We're reposting Kat's review of Diana Ross' latest album.
Kat: The general consensus among some is that
Diana Ross made the biggest mistake of her life when she left Motown and joined RCA in 1981.
She had been the Queen of Motown, after all.
The label was behind her.
But here's some reality: If Diana had stayed, music would have likely left her behind.
This became obvious in November when Motown released DIANA ROSS SINGS SONGS FROM THE WIZ.

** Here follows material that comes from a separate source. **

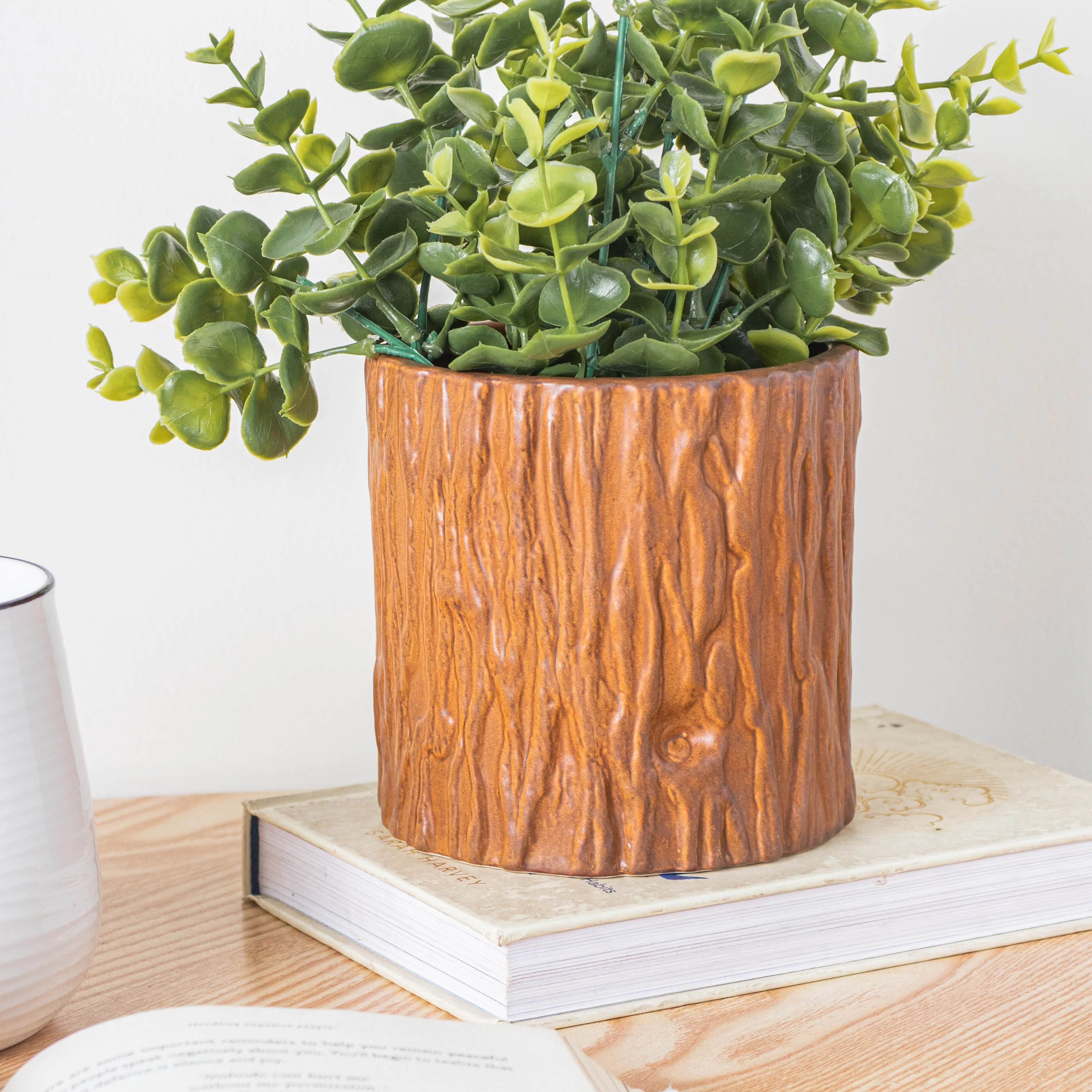 Bark Caramel Vase - Image 4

Diana's recorded a new album!!!!
No, this is one from the vaults.
One Motown kept buried in the vaults.
As November drew to a close, they finally released the thirteen track
album -- proving Motown's still not returned to being smart or
first-rate album.
NBC broadcast their live musical of THE WIZ on December 3rd.
Motown supposedly released Diana's album on November 27th.
Did you know?
We noted it several times at THIRD (including
November 15th when we offered our notion that Diana should do a tribute album to Michael Jackson) but I started to think either the album was a prank or Motown had once again made promises it couldn't keep.
I thought that because we are all over the country speaking about the
never-ending wars and, everywhere I go, I always check music stores or
music sections in stores.
I'd see NBC's DVD of THE WIZ, for example, but no Diana album.
Turns out Motown didn't have the brains (big surprise, right?) to get the album into stores -- let alone to promote it.
It's available strictly as a download (digital booklet is included). If you're interested,
you can find it at Amazon here.
Should you?
Diana's performance as Dorothy was trashed by some.
She was too old, some argued.
As if Olivia Newton-John and John Travolta were in high school when they filmed GREASE?
It's a musical, not a documentary.
There are problems with the musical she made.
I never would have picked 'gritty' Sidney Lumet to direct.
But if I did, I certainly wouldn't carp that the film lacked sparkle.
When you go with Lumet, you're going with the NYC of the mid-seventies -- and that's what's captured.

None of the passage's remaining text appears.